A high-pressure zone over the Mediterranean region and an Atlantic low-pressure system have induced a strong south-west flux bringing warm air from northwestern Africa to middle latitudes, reports the WMO.
The air was further warmed when passing over the North Atlantic due to a higher-than-normal sea surface temperature. In the eastern North Atlantic, sea surface temperature was 1-2°C higher than normal. This all resulted in several European national meteorological and hydrological services (NMHS) reporting record-breaking heat on New Year’s Eve and New Year’s Day.
Temperatures above 20°C were observed in many European countries, even in Central Europe. Some national and many local temperature records for December and January were broken in several countries from Spain to eastern parts of Europe.
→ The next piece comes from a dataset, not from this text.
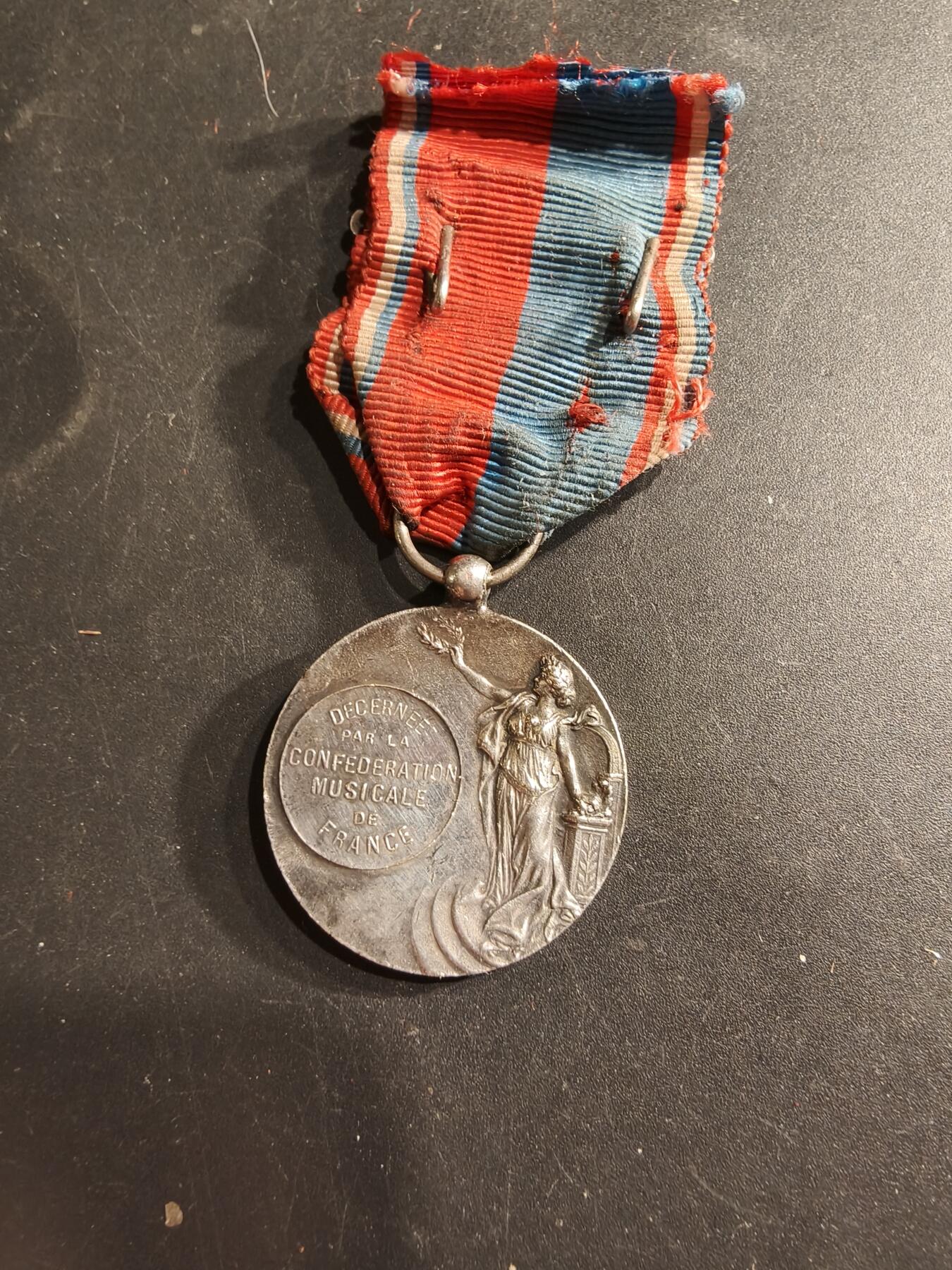 老王徽章第190期 法国银级音乐联合会纪念章    带法国音乐协会联合会勋条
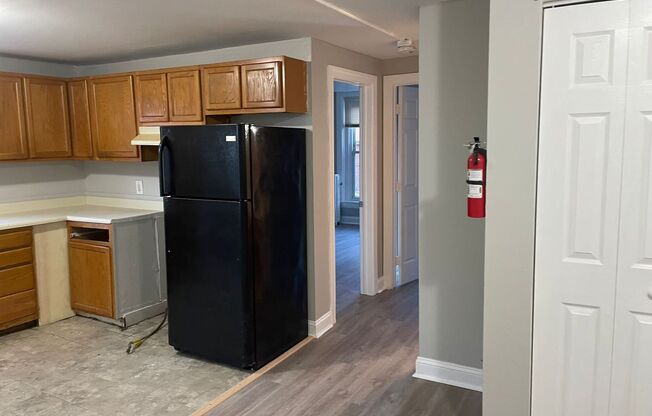 2 beds, 1 bath, 670 sqft, $1,400, Unit Unit 7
Hundreds of weather stations across Europe had their all-time highest daily temperature for December and January.
Broken records include (previous records for all December and January months in brackets):
December 31, 2022:
19.4°C in Dresden-Hosterwitz, Germany (17.7°C, on December 5, 1961)
17.7°C in Prague Klementinum, Czechia (17.4°C, on December 5, 1961)
January 1, 2023:
25.1°C in Bilbao Aeropuerto, Spain (24.4°C, on January 1, 2022)
18.6°C in Besancon, France (16.8°C, January 1918)
18.9°C in Warszawa-Okęcie, Warsaw, Poland (13.8°C, January 1993)
12.6°C in Abed on Lolland, Denmark (12.4°C, January 10, 2005)
Various European NMHS, including AEMET (Spain), Meteo France (France), Deutscher Wetterdienst (Germany) and the Met Office (UK), have already announced 2022 as the warmest year ever in their respective countries.